Unrecognisable devices or locations, accessing unusual assets and other behavioural patterns can be monitored and alerts issued, with some technologies blocking actions before breaches can occur. Again, AI will help ensure policies reflect changing business trends.
- Get visibility over your network
None of the above can be achieved without full visibility of your network and the people who use it, which is why visibility is one of the 2 key points of guidance from both the UK and US cyber security agencies.
Without visibility, you can’t apply the second, which is control - you can’t stop what you can’t see. With remote working turning networks inside out, the need to understand what’s happening on your network is one of the most critical aspects of any security policy, helping to monitor how users work and what they access.
Visibility won’t stop employee-initiated breaches, but it will go a long way towards it. There are now cloud based products that specifically address the monitoring of network traffic to provide visibility and control of users and assets.
Many of these products can be introduced without disrupting existing IT systems and requiring little maintenance or resource, essential factors for SMBs when selecting a manageable solution.
According to Gary Hudson, publisher of Human Error, a website set up solely to address employee-initiated risk, there has never been a more critical time to take action to stop human error. “If the problem wasn’t bad enough when our networks were within our security layers, we’ve now turned everything inside out.

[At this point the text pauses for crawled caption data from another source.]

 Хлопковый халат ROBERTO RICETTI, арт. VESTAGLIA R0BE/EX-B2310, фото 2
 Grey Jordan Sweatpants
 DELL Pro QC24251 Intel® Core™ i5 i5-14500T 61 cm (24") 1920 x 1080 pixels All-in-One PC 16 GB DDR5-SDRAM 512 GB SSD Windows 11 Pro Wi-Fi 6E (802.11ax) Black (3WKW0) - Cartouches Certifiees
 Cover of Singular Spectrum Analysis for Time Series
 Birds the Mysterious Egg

Our users are no longer behind well maintained defences but are spread all over the place. The margin for and risk from human error has grown exponentially.”
"If ever there was a need to rethink your security strategy, now’s the time."

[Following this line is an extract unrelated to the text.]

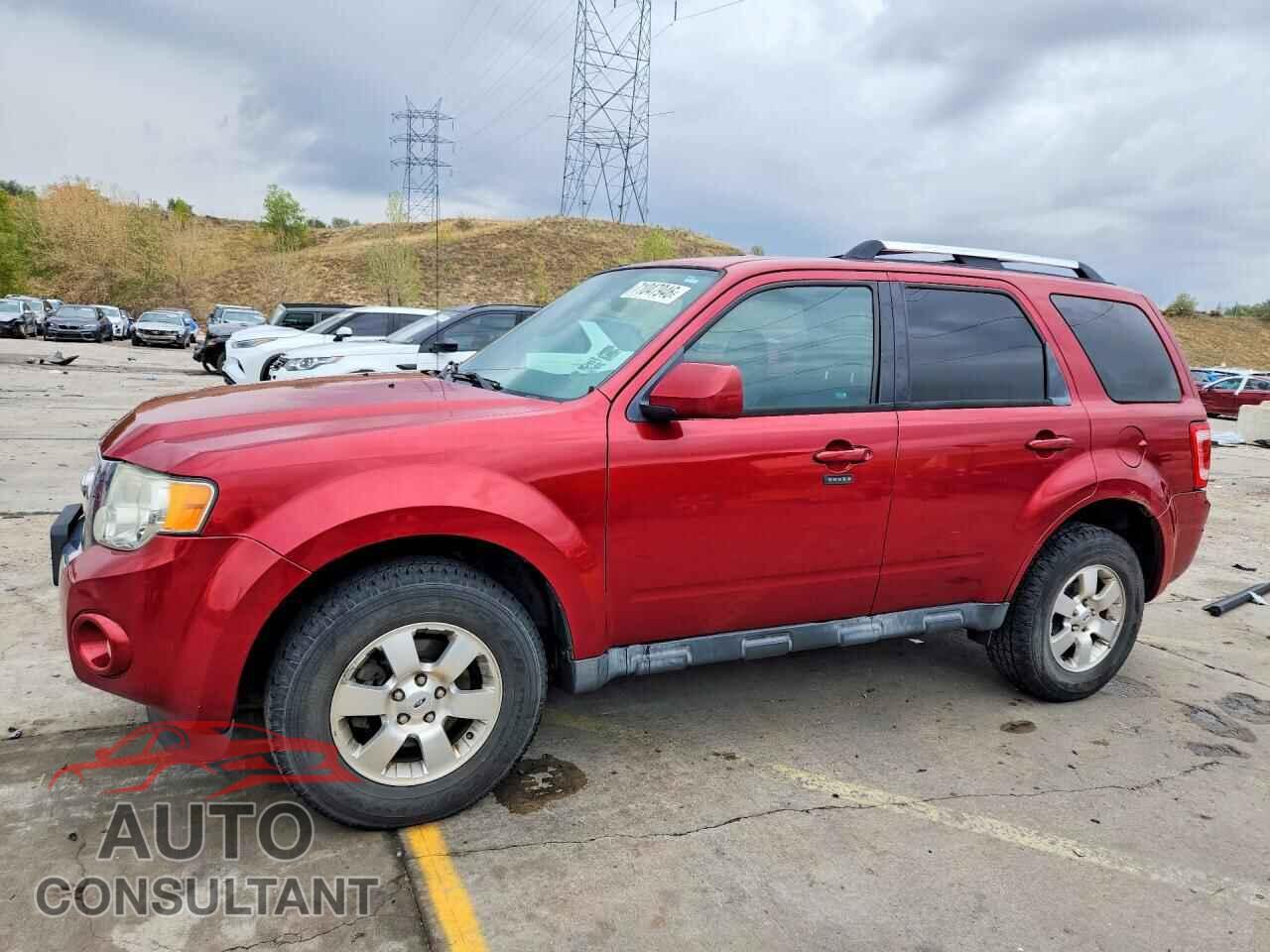 FORD ESCAPE 2012 - 1FMCU0E71CKB76227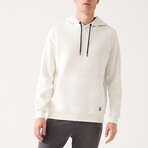 Steve Hooded Sweatshirt // White (X-Small)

Gary Hudson, Publisher of Human Error
Hudson believes the IT sector must wake up to the biggest cause of security breaches. “If ever there was a need to rethink your security strategy, now’s the time. Remote working has opened our networks up. We’re seeing a proliferation of new devices, many BYOD, to enable remote working. We’re less in control of our users and those users are in their own worlds with their own set of rules. There’s too much at stake to let that continue”.